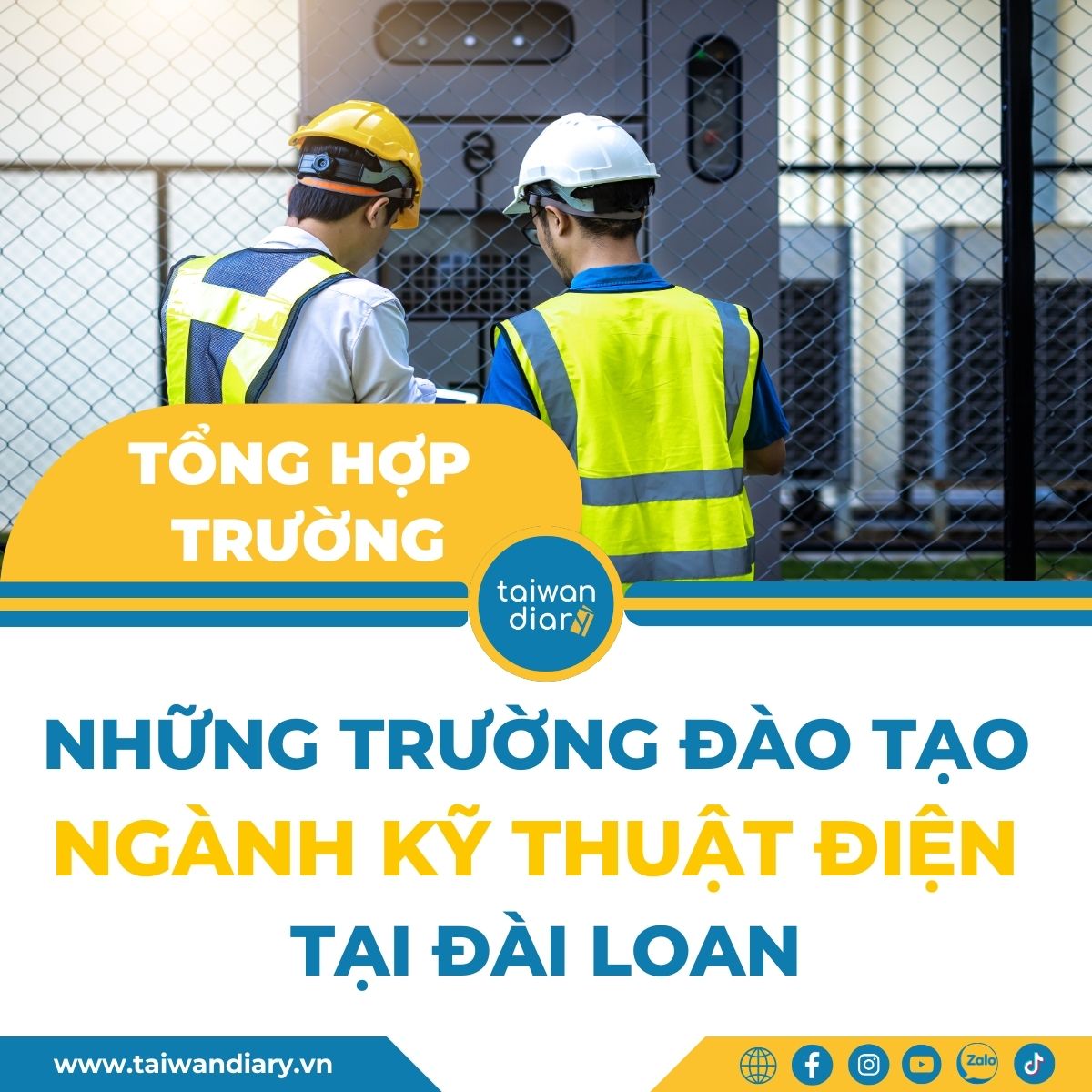 Các trường đào tạo cử nhân ngành Kỹ thuật Điện tại Đài Loan 7 nganh ky thuat dien 1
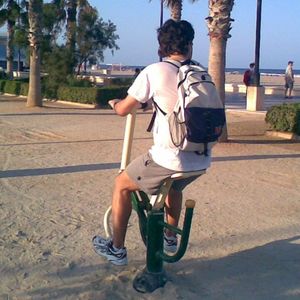 excercise bike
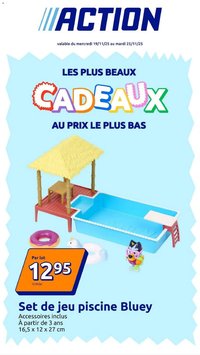 Action catalogue de la semaine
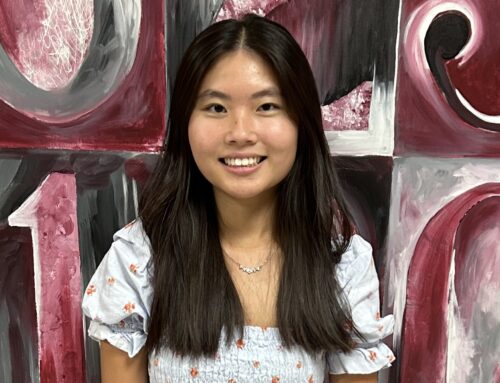 Chen Receives College Board Recognition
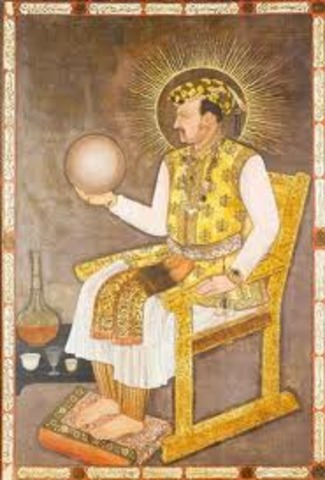 Jahangir Assumes Throne
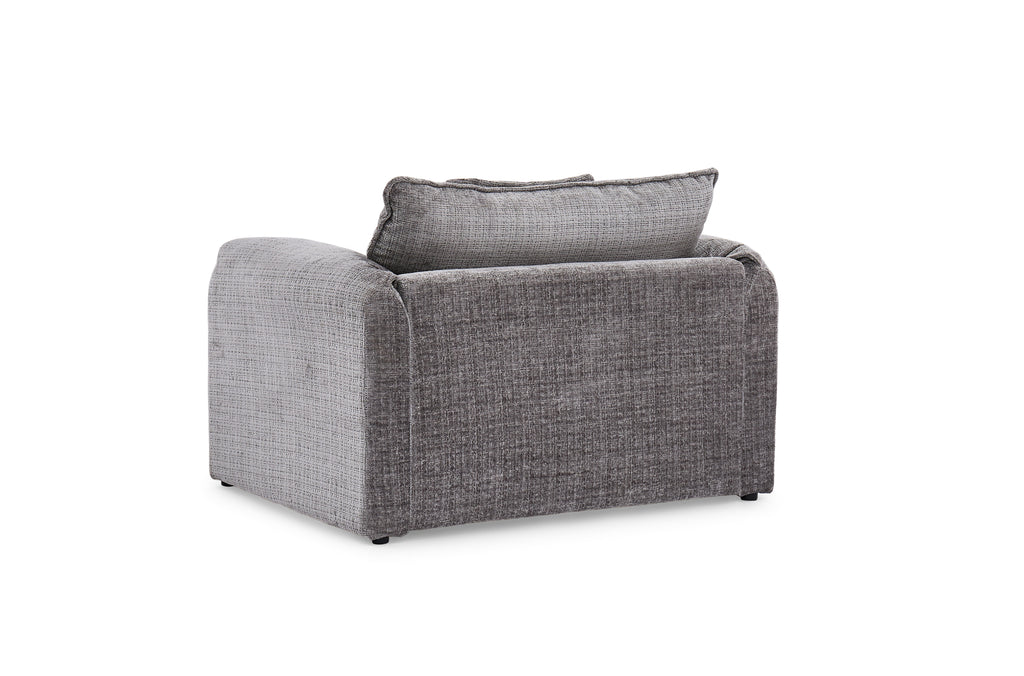 Solaya Armchair In Grey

────────────────────

● **PROBLEM TO WORK ON**
Transcribe every line in the entries above, taking out only the images.

● **RESULT FOR THIS TASK**
 Các trường đào tạo cử nhân ngành Kỹ thuật Điện tại Đài Loan 7 nganh ky thuat dien 1
 excercise bike
 Action catalogue de la semaine
 Chen Receives College Board Recognition
 Jahangir Assumes Throne
 Solaya Armchair In Grey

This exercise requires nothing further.